Keeping your ML and cloud files separate

I often recommend that Azure ML users learn the CLI method first because separating the ML-specific files that run locally from the cloud-specific files comes for free — your ML code is in Python files and your Azure ML code is in YAML files! If in the future you decide to switch to a different cloud solution, you can simply replace the YAML files with other files, without changing any of your ML code.

When using the SDK this separation takes a bit more planning, but it’s not hard to achieve. Here’s how I separate the code in the project for this post:

cloud
    common.py
    conda.yml
    delete_endpoint.py
    endpoint.py
    job.py
src
    neural_network.py
    train.py
    utils_train_nn.py

I keep all the files that I need to train my neural network locally in the src directory, and I keep all the code I need to train and deploy on Azure ML in the cloud directory. If in the future I decide to switch cloud providers, I can replace all the files within cloud, and continue using all the files under src.

So, as long as you separate your ML code from your cloud-specific code, the SDK method is as powerful and flexible as the CLI method.

Training and deploying using the Azure ML Studio

Using the Azure ML Studio should be intuitive once you’re familiar with the CLI method. Instead of creating resources by writing a YAML file and executing a command, you create them directly using the UI. The decisions you need to make when creating each resource are basically the same as the ones we specified in the YAML files.

For example, let’s see how you would create the compute cluster. You would click on “Compute” in the left menu, then “Compute clusters” in the top menu, then ”+ New.”

Screenshot of Azure ML Studio UI for creating a compute cluster

A window opens that allows you to choose the compute location and VM size. One advantage of using the UI to create your compute cluster is that you get a lot of help when choosing the VM size, including information about what each machine is optimized for, how many cores you have available in your subscription, and the cost of using each machine per hour. You can select a recommended machine size, or search all machines.

Screenshot of Azure ML Studio UI for creating a compute cluster

After pressing Next, a new window opens that allows you to choose a compute name, the minimum and maximum number of nodes, and a few other settings.

Screenshot of Azure ML Studio UI for creating a compute cluster

You can create other types of resources in a similar way.

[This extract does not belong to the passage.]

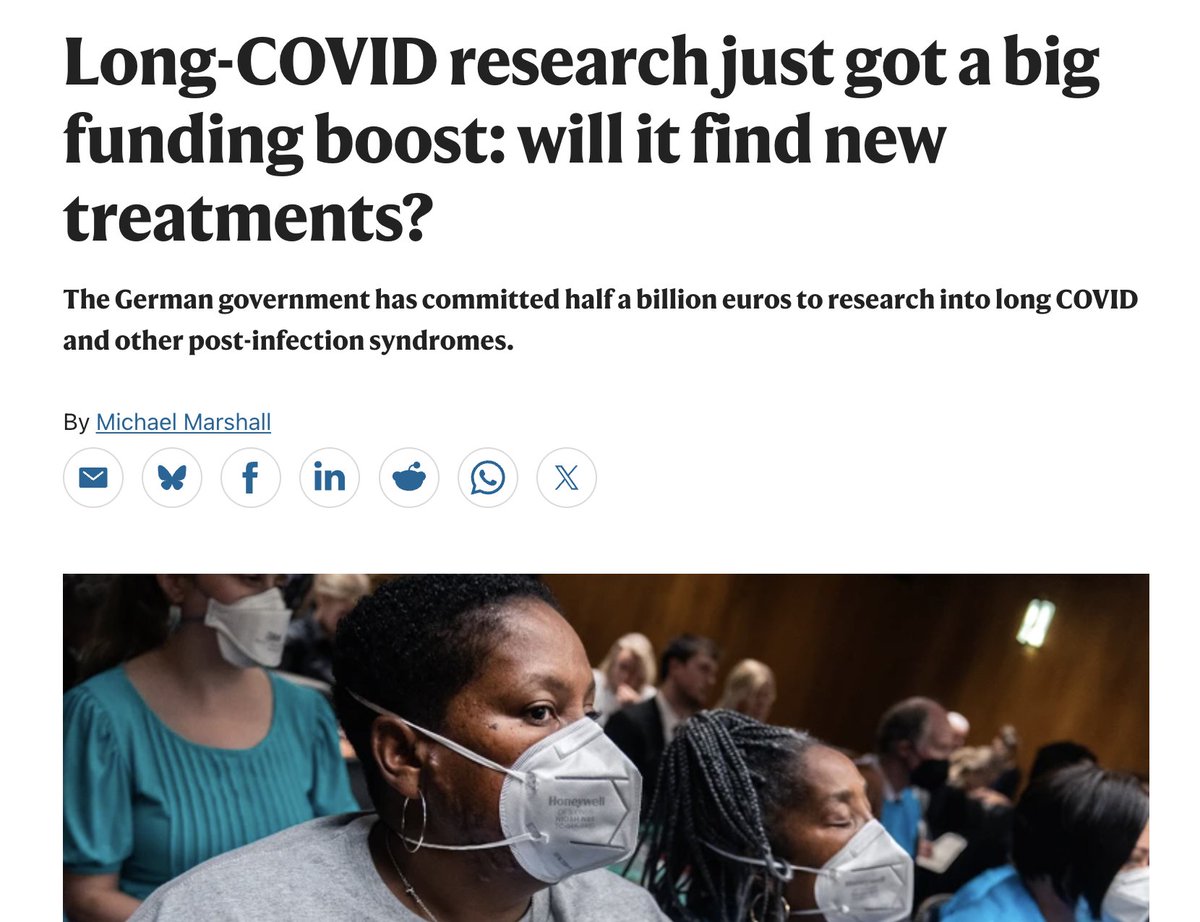 1) Nature had a brief news article about the German investment in research on ME/CFS and Long Covid. 

Some quotes from scientists:

“This is really major funding,” says Rafael Mikolajczyk, an epidemiologist at Martin Luther University Halle-Wittenberg in Germany.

The Azure ML Studio is a great option to create resources that you’ll only need to create once, because it offers so much guidance. However, resource creation is not as easily repeatable in the Studio as it is with the CLI or SDK, so it’s not as efficient for resources that you plan to re-create often.

Conclusion

In this post, you learned how to train and deploy a model using three methods: the Azure ML CLI, the Azure ML Python SDK, and the Azure ML Studio. Now you’re well prepared to choose the appropriate method for each scenario you’ll encounter in the future.